Although layered Li-rich-NMC cathodes with the specific xLi₂MnO₃–(1 − x)LiMO₂ (x ≫ 1) dual structure may provide remarkably high specific capacities compared to standard NMC,^1,2 their practical application is still limited due to unsolved issues.^3–5 For instance, transformation from a layered to a spinel-layered intergrowth structure in the activation process during the initial charge leads to oxygen release during the first charge,⁶ lowering the oxidation state of transition metal ions at the end of the subsequent discharge. This redox process leads to a continuous decay of the discharge plateau by various metal dissolutions and increases the oxidation states of the remaining transition metals at the surface regions of the Li-rich-NMC particles.⁷ The consequences of these combined phenomena cause accelerated electrolyte decomposition and hence, severely decreased capacity during long-term cycling.⁸

Various strategies have been developed to improve the electrochemical performance of these materials by controlling the particle size within the nanometer scale,⁹ morphology and composition of interior micro-/nano-structures or by controlling the structural homogeneity and affording a narrow particle-size distribution.¹⁰ The major drawbacks of spinel-layered intergrowth formed after activation are its structural instability at a high potential and manganese dissolution into the electrolyte subsequent to the electrode attack by hydrofluoric acid (HF) produced by the reaction of LiPF₆ and traces of H₂O in the electrolyte.

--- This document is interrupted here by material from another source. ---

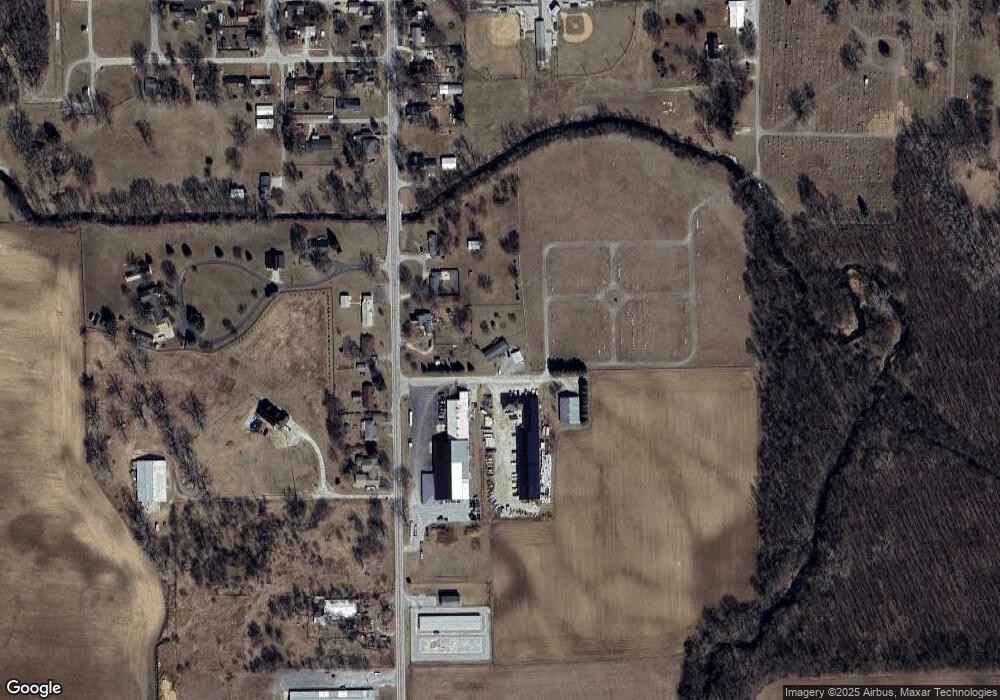 111 E Pearl St unit South Edge of Menton, Mentone, IN 46539 - photo 1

Notably, using electrolyte additives is a very efficient and economic means of obtaining the desired cell functionality. Adsorbed or solid species on the cathode surface could alleviate the undesirable exothermic reaction between the delithiated cathode and the electrolyte.¹¹ Various additives in the electrolyte are devoted to the formation of a stable SEI on the graphite anode or a protective film on selected cathodes. The best lithium-ion battery performance has been shown by the addition of additives, such as vinylene carbonate (VC),¹² ethylene sulfite (ES),¹³ 1,4-butane sultone (BS),¹⁴ vinylethylene carbonate,¹⁵ and/or lithium bis(oxalate)borate (LiBOB),¹⁶ to conventional electrolytes based on alkyl-carbonates. These additives are generally more easily electroactivated than the electrolyte, creating an effective layer during the first cycle and consequently protecting the electrode/electrolyte from decomposition. Although the beneficial effects of these additives on anodes are reasonably well understood, the effects on the Li-rich cathode have rarely been reported. Yang et al. examined the use of tris(hexafluoro-iso-propyl)phosphate (HFiP) as a cathode “SEI” former for a 5 V class spinel LNMO cathode to improve the electrochemical performance of the Li[Li_0.2Mn_0.56Ni_0.16Co_0.08]O₂ cathode.¹⁷ More recently, Choi et al. demonstrated the good effect of LiBOB as an oxidative additive to prevent the decomposition of the electrolyte on the surface of the Li-rich cathode in half-cells and full-cells based on a graphite anode.¹⁸ 1,3-Propane sultone (PS) is well known to suppress the swelling of batteries at elevated temperatures¹⁹ by preventing the electrolyte reaction with oxygen produced by the cathode materials (such as Li_xCoO₂, Li_xMn₂O₄, and Li_xNiO₂).^20,21 In this study, we used PS as additive to improve the cycling ability of the Li-rich-NMC cathode with a high-limit potential up to 5 V.

2. Materials and methods

All compounds used in the electrolyte formulation were purchased from Sigma Aldrich with purity >99.9% and were used without further purification. Ethylene carbonate (EC) and dimethyl carbonate (DMC) in a binary mixture 1 : 1 (w/w) with 1 mol L⁻¹ LiPF₆ was selected as a baseline electrolyte. 1,3-Propane sultone (PS) additive was added (1% in weight ratio) to this baseline electrolyte. Electrolyte preparation occurred in an argon-filled glove box with oxygen and water contents lower than 1 ppm.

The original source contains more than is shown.